One thing that needs keeping in mind, is that there are no "born Christians." No one is born Orthodox - we're born "children of wrath" according to St.Paul, nature of itself perishing. No one is born with faith, no one is born a member of Christ; even if the begining of that journey occurs shortly after birth at the Baptismal font in a good, observant Orthodox family, that little soul is still not "born Orthodox."
Everyone must convert - whether that be discovering the Orthodox Church in one's adult life, or the beginings of making a personal, conscious committment to the religion of one's family and people (which, sadly, does not always occur as soon as this precious soul reaches the age of reason; there are many stories of people only taking a sincere interest in their salvation much later in life, despite having been baptized as infants and nominally raised in the Orthodox Church.)
Looked at that way, the only real distinction I see between converts (who, if it is not for marriage reasons, convert out of conviction) and serious "raised" Orthodox Christians, is that there is still a newness and freshness about the Orthodox Church with the former person than the latter.

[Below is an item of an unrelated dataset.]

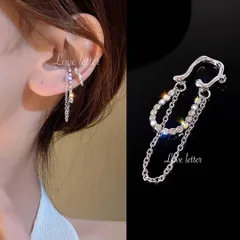 No.146M キラキラビジューチェーンイヤーカフイヤリング 韓国 量産型 地雷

If the lives of the neo-confessors against the heresies of Sergianism and Ecumenism have taught us anything (being themselves, with a few exceptions, "born and raised Orthodox" so to speak), it's more a question of seriousness and zeal, than a question of "kooky converts." The same people who find many new converts to be odd, are the same ones who feel uneasy around the likes of a Fr.Ephraim or the zealot monks of Mt.Athos.
In 33 A.D., there were no "born Christians" - and for centuries to follow, due to the Church's growth, the majority of believers would also be "adult converts"... and saints, and martyrs, and confessors. Let's keep things in perspective.